2016 Latest Caselaw 1985 Del

Citation : 2016 Latest Caselaw 1985 Del
Judgement Date : 14 March, 2016

Delhi High Court
Rubina Ratnakar vs State & Anr. on 14 March, 2016
Author: P. S. Teji
*       IN THE HIGH COURT OF DELHI AT NEW DELHI

                                       Judgment delivered on : March 14, 2016
+       CRL.M.C. 3688/2015
        RUBINA RATNAKAR                                      ..... Petitioner
                            Through:     Mr.Manoj Ohri, Senior Advocate with
                                         Mr. S. Kahta, Mr.Atin Chadha,
                                         Advocates.

                            versus

        STATE & ANR.                                        ..... Respondent
                            Through:     Mr.Izhar Ahmad, learned Additional
                                         Public Prosecutor for the State.
                                         Respondent no.2 in person.

        CORAM:
        HON'BLE MR. JUSTICE P.S.TEJI
                           JUDGMENT

P.S.TEJI, J.

1. By this petition filed under Section 482 of Cr. P.C., the petitioner seeks quashing of the Criminal Complaint filed under Section 200 of Cr. P.C. by the complainant - Sheetal Makol and for quashing the summoning order dated 15.10.2014 whereby the petitioner has been summoned and to quash the order dated 26.05.2015 whereby the directions were issued for initiating process under Section 82 and 83 of Cr. P.C., passed by learned Metropolitan Magistrate-01, Mahila Court, South-West, Dwarka, Delhi.

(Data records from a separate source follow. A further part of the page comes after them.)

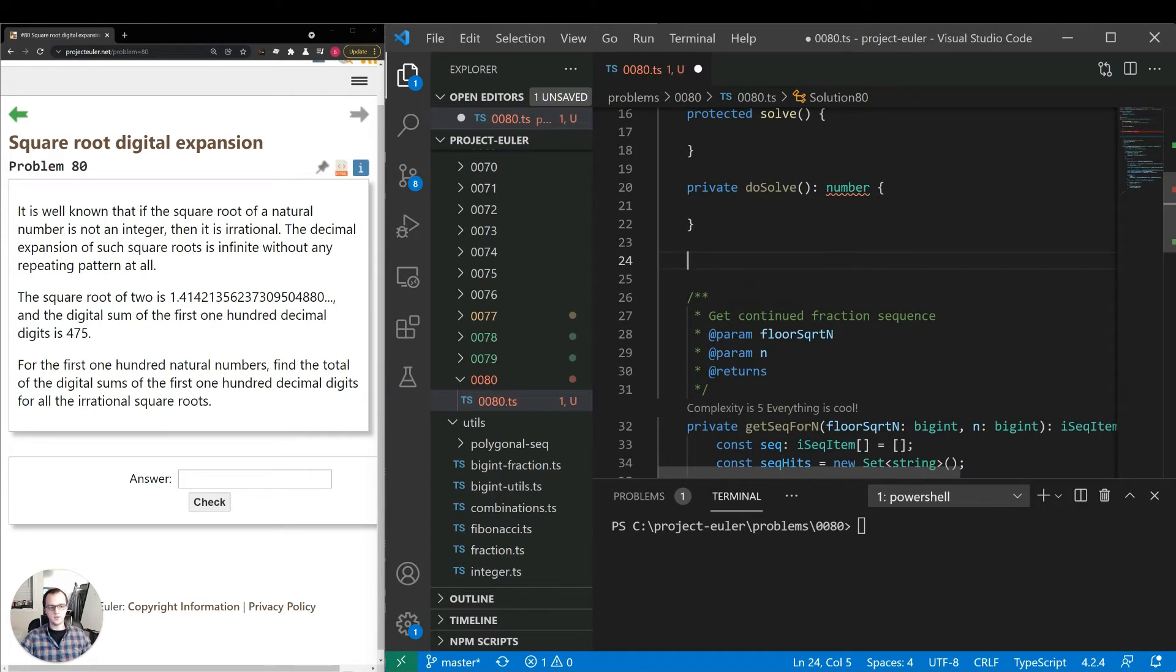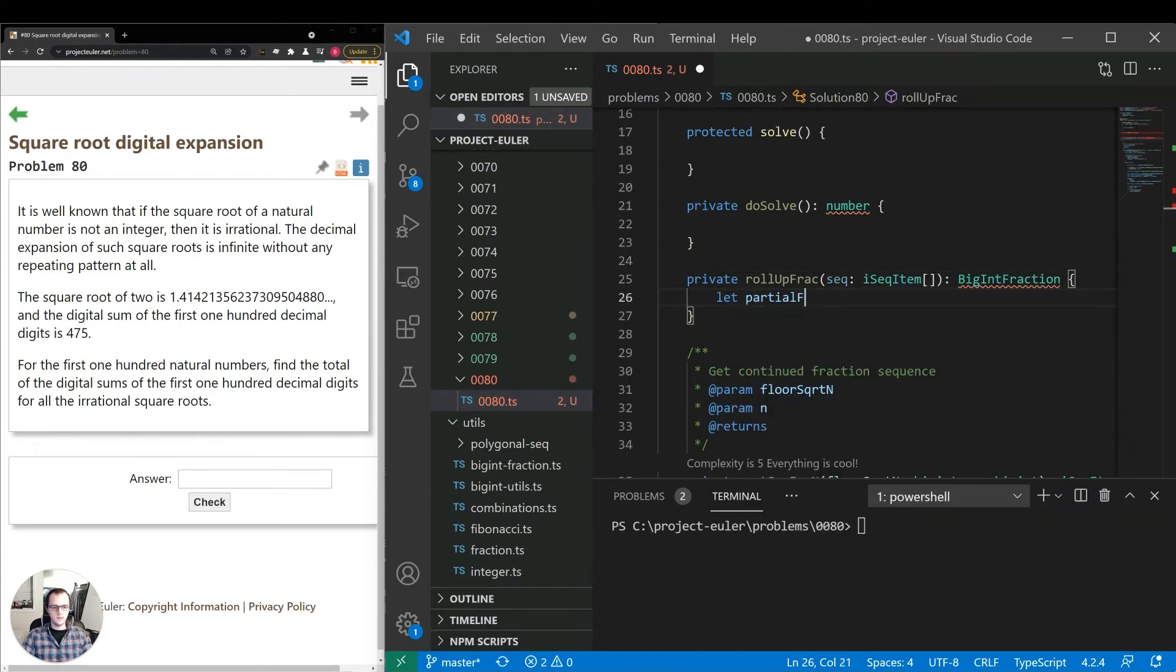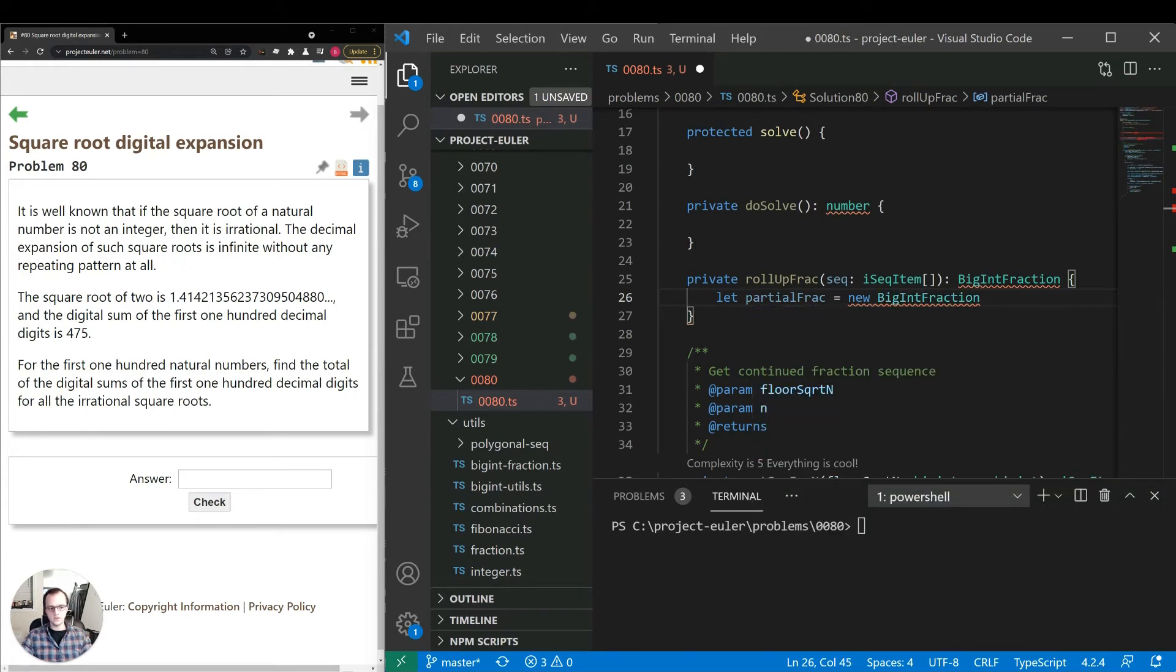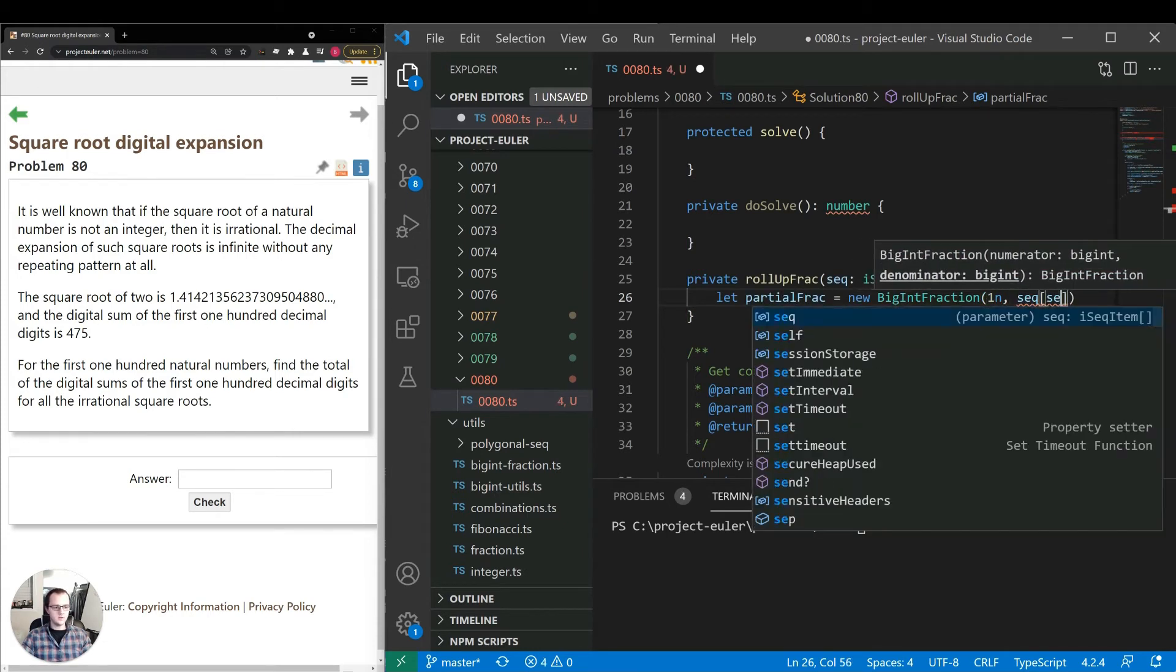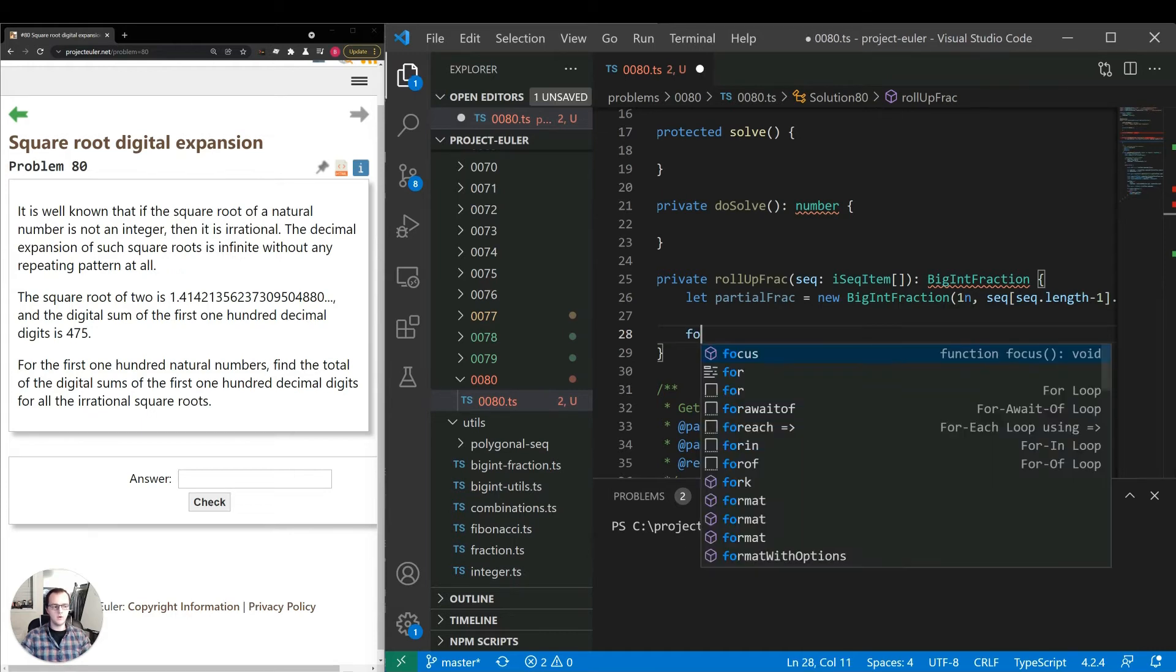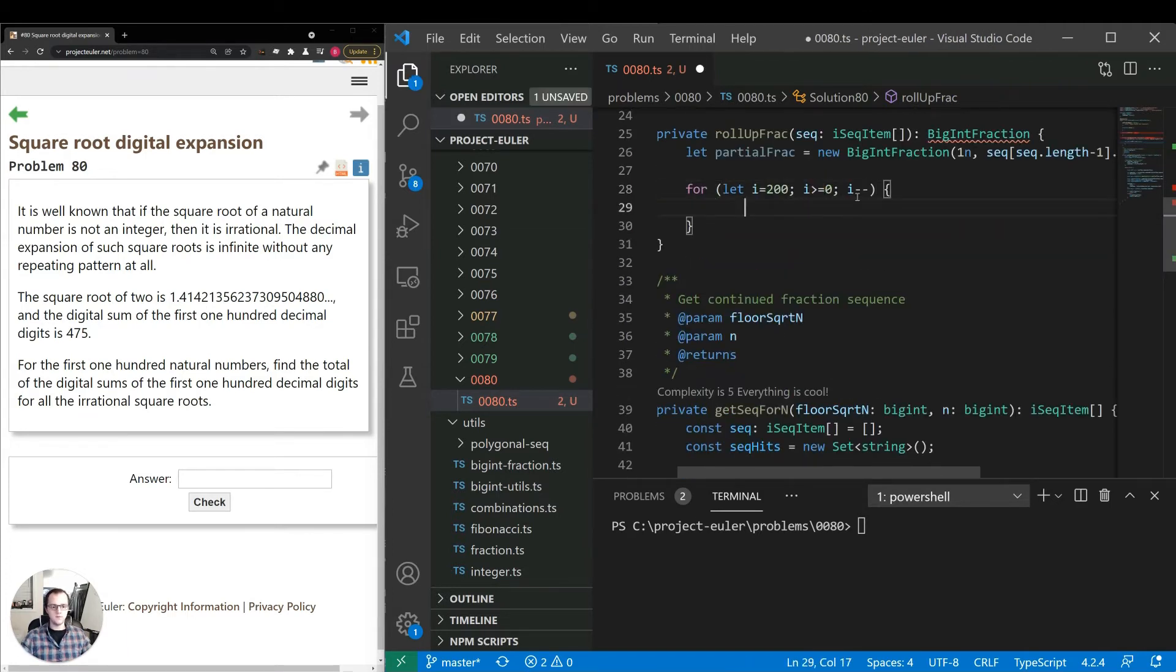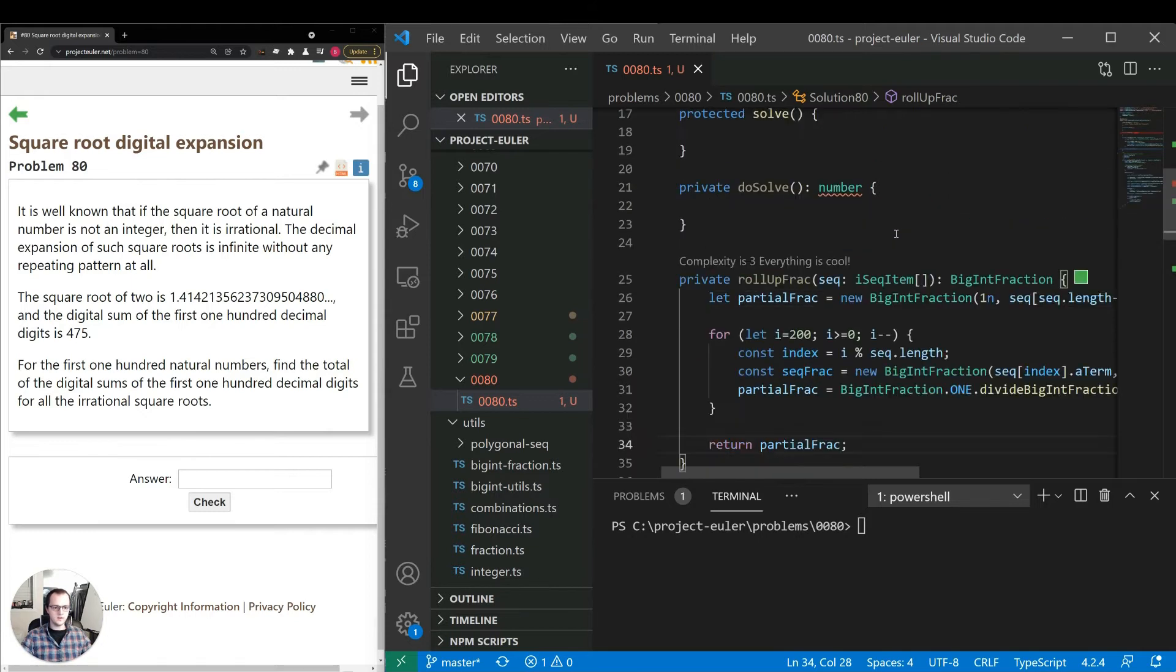The second part: we need to roll up the fraction. Let's make a method for that. We'll return a big int fraction here. This is also covered in previous videos, so I won't go into too much detail. Basically, this keeps dividing out the fraction and goes through the repetition until we get to the level we want. I'm going to run this for roughly 200 iterations. We need to make sure the first 100 decimals are totally accurate, so 200 times gives us that margin of error. Now we have that logic in place.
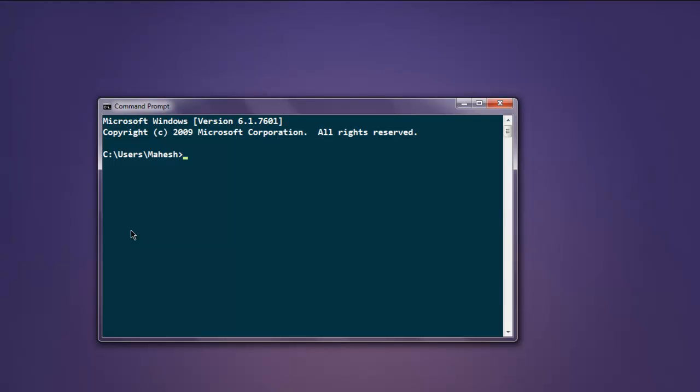Hi, in this video we're going to discuss pivot tables in Python pandas. First, open your command prompt and type in 'jupyter notebook' if you have the Jupyter version of iPython installed. If you have any other version, type in 'ipython notebook'.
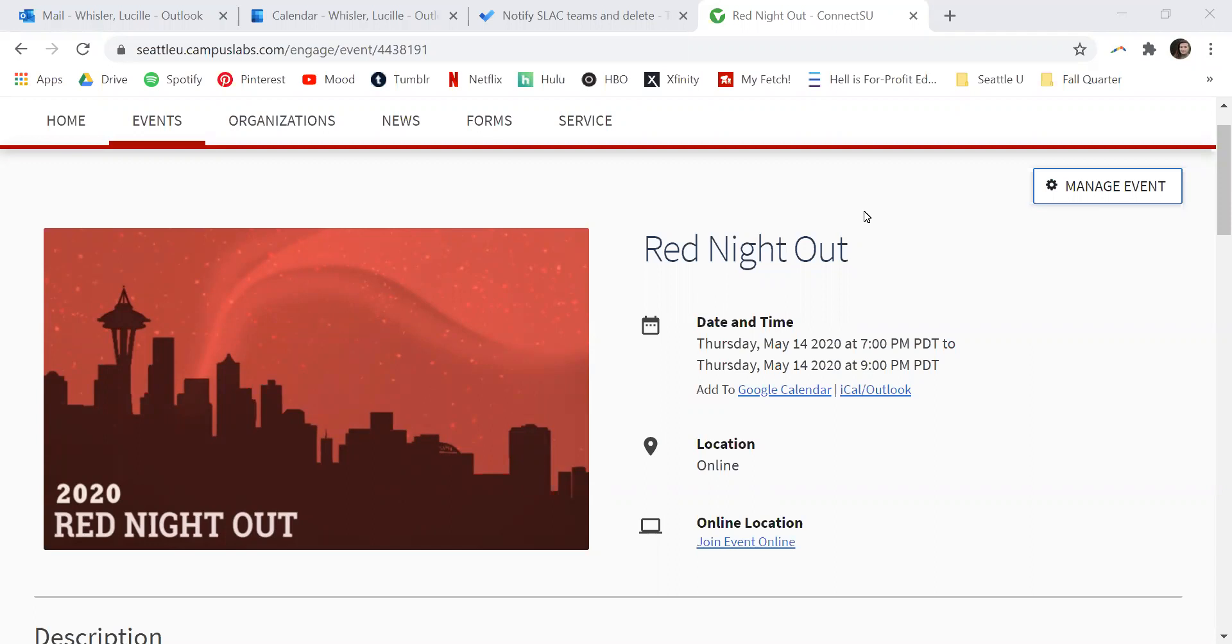This link is shared with event attendees in order for them to register for the event and thus receive credit for attending it through ConnectSU.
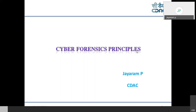Good afternoon to all. I hope my previous session was helpful in improving your knowledge. Today's session is on cyber forensics principles. In the past few days, you might have been going through different details related to cyber threats and how to defend against them.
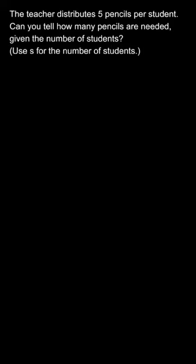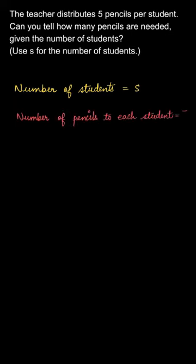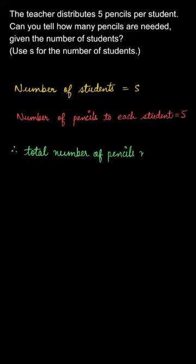This can be represented as 5S. Let us write it down: the number of students in the class is S, the number of pencils to be given to each student equals 5, so the total number of pencils will be 5 times S, which is 5S.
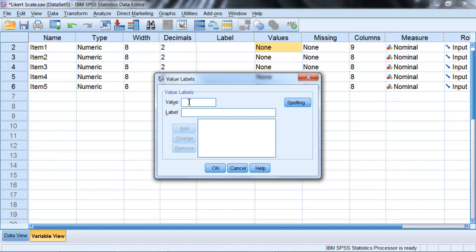Starting with the highest values first and moving down, a 5 corresponds to strongly agree. So we'll go ahead and enter that.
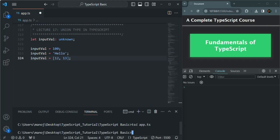So the question is: if we can assign a value of any data type with both any and unknown, what is the difference between them? Keep in mind — we use any when we want to assign any type of value to a variable, and we use unknown when we don't know what type of data we are going to store in a variable at the time we create it.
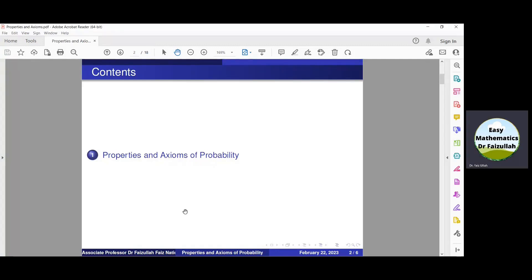Bismillah ar-Rahman ar-Rahim. Assalamu alaikum. Dear students, in this video we shall study some properties and axioms of probability.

2. In nutshell, the brief facts of the case are that one Ms. Sheetal

Makol - complainant had filed an application under Section 200 of Cr. P.C. before learned Metropolitan Magistrate intimating that she was married with Vinit Makol on 10.12.2009 according to Hindu rites and ceremonies and she has filed a case under Section 125 Cr. P.C. against her husband. It is also alleged that the Vinit Makol had a property at Greater Noida, Gautam Budh Nagar, in his name and during evidence of Greater Noida Industrial Development Authority, deposed that the ownership and transfer records of property at I-1201, 12th Floor, Riviera, Eldeco Green Medows at Pocket C, Sector Pi, Greater Noida, Gautam Budh Nagar, wherein it was deposed that the said property has been transferred on meagre amount of Rs.30 lacs to Rubina Ratnakar by Vinit Makol (husband of the complainant). It is further alleged that the property at Lajpat Nagar was more than crores and the same has been sold in a meagre amount of Rs.25 lacs. The complainant (respondent No. 2 herein) alleged that one Rubina Ratnakar and Pranav Makol are US citizens who came to India from Madrid to Bengaluru by EMIRATES during 22nd March, to 31st March, 2014 and for travelling in India they had to take visa and fill up the OCI FORM OR PIO FORM at the time of IMIGRATION in Bengaluru. The complainant sought the details of the husband of Rubina Ratnakar and identification of Pranav Makol to establish that her husband Vinit Makol has committed bigamy and is avoiding arrest by absconding from India.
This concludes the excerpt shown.